NATO reported an “unusual burst of activity” by Russia’s nuclear-capable strategic bombers on its borders this week. While none of the flights violated NATO airspace, they are emblematic of the increasing tensions in Europe over the conflict in Ukraine:
In all, Nato said, its jets intercepted four groups of Russian aircraft in about 24 hours since Tuesday and some were still on manoeuvres late on Wednesday afternoon. “These sizeable Russian flights represent an unusual level of air activity over European air space,” the alliance said. A spokesman stressed there had been no violation of Nato air space, unlike a week earlier when a Russian spy plane briefly crossed Estonia’s border. But so many sorties in one day was unusual compared with recent years. … Nato said it had conducted more than 100 such intercepts of Russian aircraft this year so far, about three times as many as in 2013 before the confrontation with Moscow over separatist revolts in Ukraine soured relations.
Elias Groll adds:
Last month, Estonia accused Russia of kidnapping an Estonian intelligence agent. Swedish defense officials now speak of a fundamentally altered security paradigm in the Baltic after Russian planes carried out a mock bombing of Stockholm and violated Swedish airspace in the region.

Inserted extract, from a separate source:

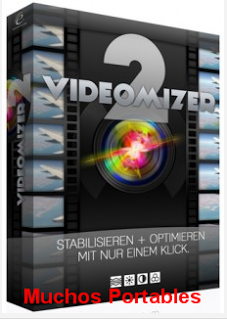 Portable VideoMizer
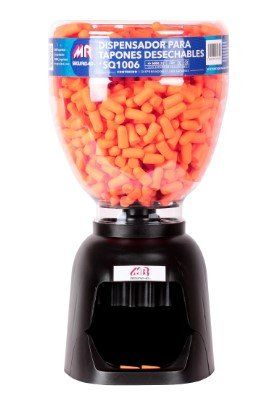 Dispensador MR de tapones auditivos SQ1006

Groll says such actions “bring relations between Moscow and the West to their lowest point since the end of the Cold War.” Marc Champion also finds that “a version of the Cold War is returning, but its rules and parameters aren’t clear”:
A defining aspect of the Cold War was that, for the most part, deterrence kept each side from meddling in the other’s sphere: The U.S. and NATO stood by during the uprisings in Hungary in 1956 and Czechoslovakia in 1968. Putin wants a similar kind of tacit agreement with the U.S. now. … So Putin may see testing NATO as a form of shoe-banging. The danger of this new Cold War is that there is complete disagreement between Russia on one side and the U.S. and European Union on the other as to the dividing lines are and the rules of the game.

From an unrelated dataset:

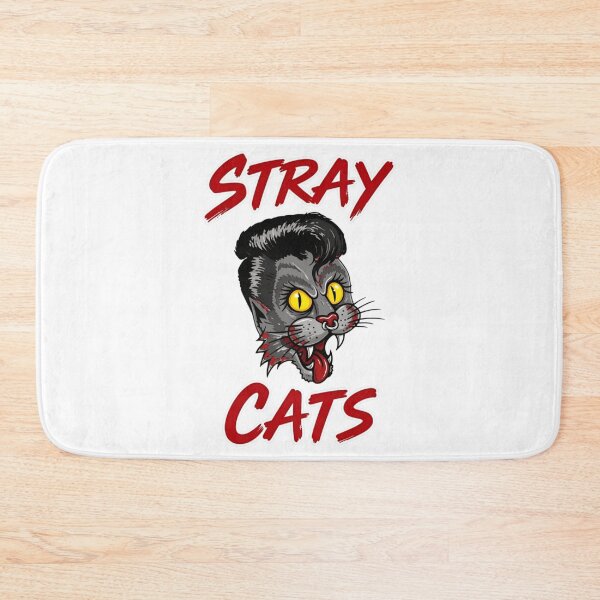 Item preview, Strays cats designed and sold by Neonmorgan.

Dave Majumdar solicits the opinions of some military experts, who see the Kremlin pushing NATO’s buttons but probably not rehearsing a nuclear attack:
Analyst Rebecca Grant, president of IRIS Independent Research, said that the recent display of Russian air power was just another provocation in a long line of similar antagonistic moves by Russia. The Russian strategic bomber foray into the Atlantic is also reminiscent of a September incident where two nuclear-capable Tu-95s bombers, two Il-78 tankers and two MiG-31 Foxhound fighters were intercepted near Alaska.
“This reminds me of the exercises Russia has been flying in the Pacific for a few years now, just transferred to the European theater,” Grant said. “I don’t read this as a specific nuclear or conventional scenario practice, rather an exercise in long-range navigation and provocation. It’s clearly designed to annoy NATO but from a purely tactical perspective, this was still a pretty small display of airpower.”

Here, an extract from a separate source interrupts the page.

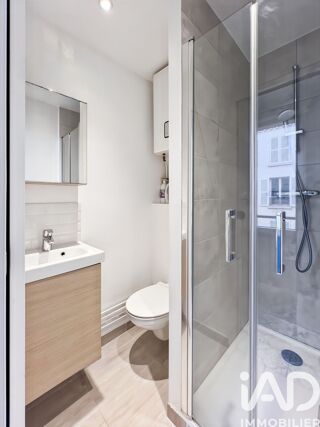  Appartement � vendre 1 pi�ce 13 m�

In these circumstances, Keating worries less about deliberate acts of war and more about accidents:
This doesn’t necessarily mean Russia is preparing for war, and open conflict between Russia and NATO countries still seems pretty unlikely. It probably has more to do with Russia seeing how much it can get away with, and making it clear that it disapproves of Europe’s pro-Ukraine stance. But as June’s shootdown of a Malaysian airliner demonstrated, tragedies can happen when there are itchy fingers on the triggers of anti-aircraft missiles.